Have never heard of that issue. But I did have one that died - also a paper white - and I had only used it a few times. Amazon did replace it free of charge though.


----------



## Ann in Arlington (Oct 27, 2008)

They're set to go to sleep after a certain amount of time on the same page -- assumption is that it's not being 'read'. Usually it's about 10 minutes, which, in most cases, is a long time to be on a page. If it's significantly shorter than that, I'd say something's gone wrong with the timer. I don't think there's a way to change the 'screen time out' setting.


----------



## trixiedog (Feb 13, 2009)

Ann in Arlington said:


> They're set to go to sleep after a certain amount of time on the same page -- assumption is that it's not being 'read'. Usually it's about 10 minutes, which, in most cases, is a long time to be on a page. If it's significantly shorter than that, I'd say something's gone wrong with the timer. I don't think there's a way to change the 'screen time out' setting.


Well it's immediately most of the time, so I guess maybe it is close to dying. I have never had one die before :-(


----------



## tsemple (Apr 27, 2009)

The behavior suggests the magnetic sleep sensor is getting triggered (maybe the folded back cover is shifting around and triggering it). Try using it outside of the cover and see if it still happens. 

If there is some ferromagnetic material nearby that can also cause magnetic field to fluctuate and trigger the sensor. I sometimes have it happen when I carry my Kindle and the case for my eyeglasses in the same hand.


----------



## Ann in Arlington (Oct 27, 2008)

tsemple said:


> The behavior suggests the magnetic sleep sensor is getting triggered (maybe the folded back cover is shifting around and triggering it). Try using it outside of the cover and see if it still happens.
> 
> If there is some ferromagnetic material nearby that can also cause magnetic field to fluctuate and trigger the sensor. I sometimes have it happen when I carry my Kindle and the case for my eyeglasses in the same hand.
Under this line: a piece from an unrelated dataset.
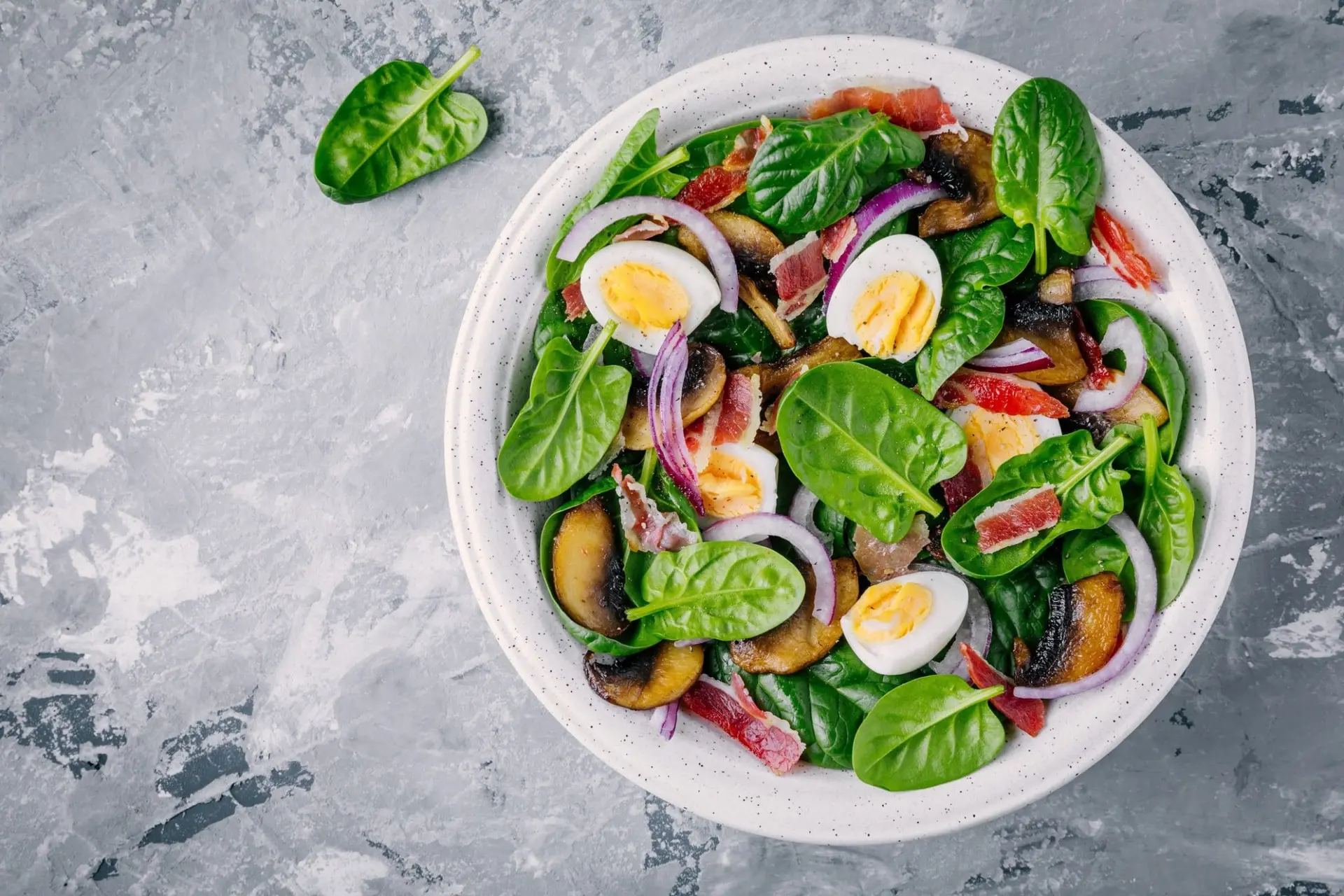 Recette de salade d'épinards avec oeufs, bacon, champignon et oignons rouges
That's a good thought . . . . maybe it's your magnetic personality! 

Seriously, though . . I'd try it without the cover for a while as suggested and see if that helps.


----------



## trixiedog (Feb 13, 2009)

tsemple said:


> The behavior suggests the magnetic sleep sensor is getting triggered (maybe the folded back cover is shifting around and triggering it). Try using it outside of the cover and see if it still happens.
> 
> If there is some ferromagnetic material nearby that can also cause magnetic field to fluctuate and trigger the sensor. I sometimes have it happen when I carry my Kindle and the case for my eyeglasses in the same hand.


Thank you so much!!!!! You are so right, thats it! When I fold the cover back and hold it with my right hand it shuts it off. It is so weird I've had my voyage since 2014 I think and just recently it started doing this. But if I don't fold the cover back it's ok. You would think I could have figured this out . Thank you!


----------



## trixiedog (Feb 13, 2009)

Ann in Arlington said:


> That's a good thought . . . . maybe it's your magnetic personality!
> 
> Seriously, though . . I'd try it without the cover for a while as suggested and see if that helps.


Thanks Ann! That was what was wrong. I never would have thought it would do that.


----------



## Ann in Arlington (Oct 27, 2008)

Probably the cover is NOT supposed to do that -- but maybe the magnet shifted in it or something? Who knows? If it really bothers you, you cold look for a different cover. I kinda prefer, in most cases, to read with the cover open like a paper book anyway. But I know many prefer the one handed method. If you're one of the latter, maybe use a finger to keep the cover from closing all the way against the back.


----------